WASHINGTON, D. C., RAW – The International Monetary Fund has maintained its 6.0 per cent global growth forecast for 2021, upgrading its outlook for the United States and other wealthy economies but cutting estimates for developing countries struggling with surging COVID-19 infections.

The divergence is based largely on better access to COVID-19 vaccines and continued fiscal support in advanced economies while emerging markets face difficulties on both fronts, the IMF said in an update to its World Economic Outlook.

“Close to 40 per cent of the population in advanced economies has been fully vaccinated, compared with 11 percent in emerging market economies and a tiny fraction in low-income developing countries,” Gita Gopinath, the IMF’s chief economist, said during a news conference.

“Faster than expected vaccination rates and return to normalcy have led to upgrades, while lack of access to vaccines and renewed waves of COVID-19 cases in some countries, notably India, have led to downgrades,” she said.

The IMF significantly raised its forecasts for the United States, which it now expects to grow at 7.0 per cent in 2021 and 4.9 per cent in 2022 – up 0.6 and 1.4 percentage points respectively from the forecasts in April.

The projections assume the US Congress will approve President Joe Biden’s roughly $US4 trillion ($A5.4 trillion) in proposed infrastructure, education and family support spending largely as envisioned by the White House.

Positive spill-overs from the US spending plans, along with expected progress in COVID-19 vaccination rates, are boosting the IMF’s 2022 global growth forecast to 4.9 per cent, up 0.5 percentage point from April.

The Fund gave its biggest upgrade to the United Kingdom, lifting its 2021 growth by 1.7 percentage points to 7.0 per cent, reflecting better adaptation to COVID-19 restrictions than previously anticipated.

The euro zone received a smaller 0.2 percentage point upgrade for 2021 while Japan had a 0.5 percentage point cut, reflecting higher infections and tighter restrictions in the first half of the year.

India, which has struggled with a massive wave of coronavirus infections this year, had the biggest cut in its growth forecast – three percentage points – to 9.5 per cent for 2021.

The IMF also reduced its 2021 forecast for China by 0.3 percentage point, citing a scaling back of public investment and overall fiscal support.

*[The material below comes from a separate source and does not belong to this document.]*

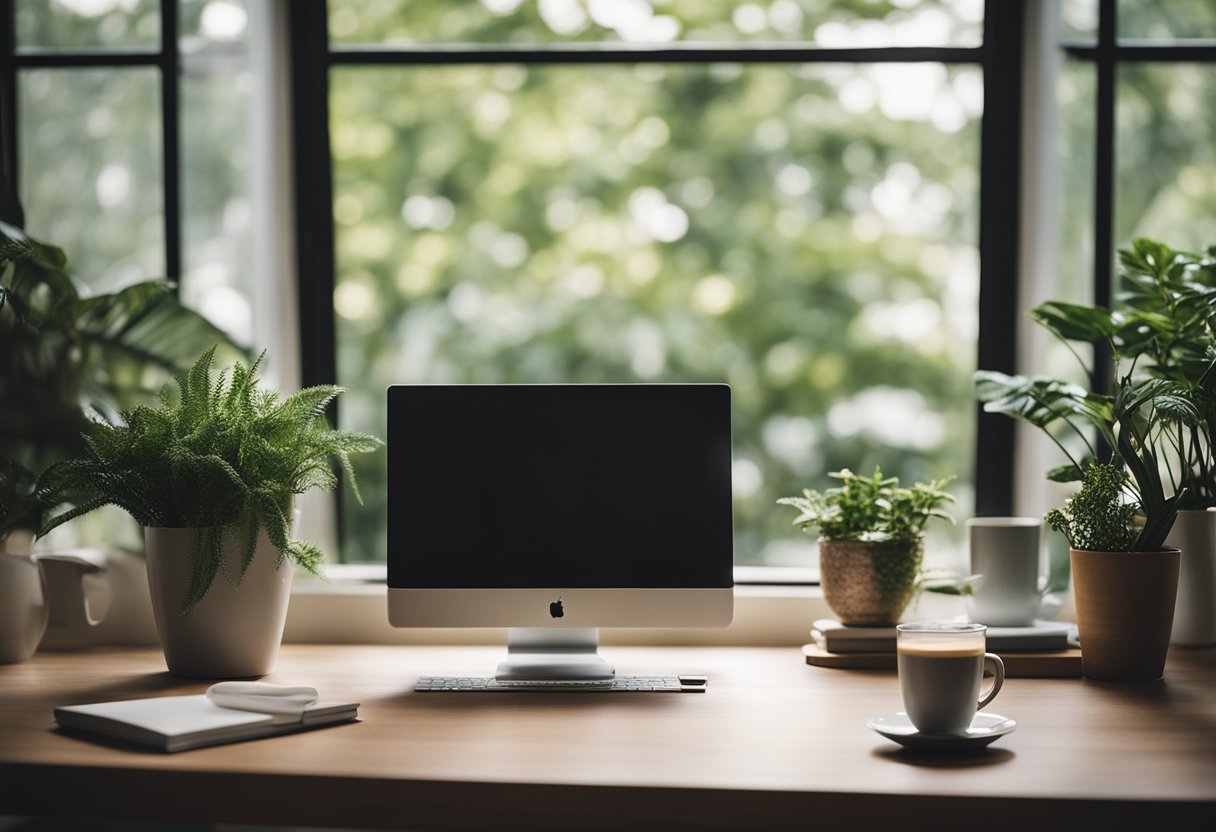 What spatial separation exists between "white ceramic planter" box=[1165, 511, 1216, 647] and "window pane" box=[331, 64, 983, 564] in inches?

The IMF also forecast lower prospects for Indonesia, Malaysia, the Philippines, Thailand and Vietnam where recent waves of COVID-19 infections are weighing on activity.

The Fund forecast that emerging Asia would grow 7.5 per cent this year, down 1.1 percentage points from the April forecast.

Low-income countries had a downgrade of 0.4 percentage point in their 2021 growth, with the Fund citing the slow rollout of vaccines as the main factor impeding their recovery.

Gopinath said the IMF views inflation pressures as transitory due to “supply-demand mismatches” as economies reopen, with high inflation readings this year, especially in the US, returning to normal levels next year.

But she said that if supply bottlenecks proved long-lasting, they could cause inflation expectations to become unanchored next year, which would be a concern.

“While we are seeing wages going up for some sectors, we are not seeing that as a broad-based phenomenon and inflation expectations are anchored,” she said.

“However, we still aren’t out of the woods yet.”

If the US central bank reassesses its inflation outlook and takes pre-emptive action to tighten monetary policy, this would add a “double-hit” to emerging markets, adding capital outflows and higher borrowing costs to their growth challenges, the IMF said.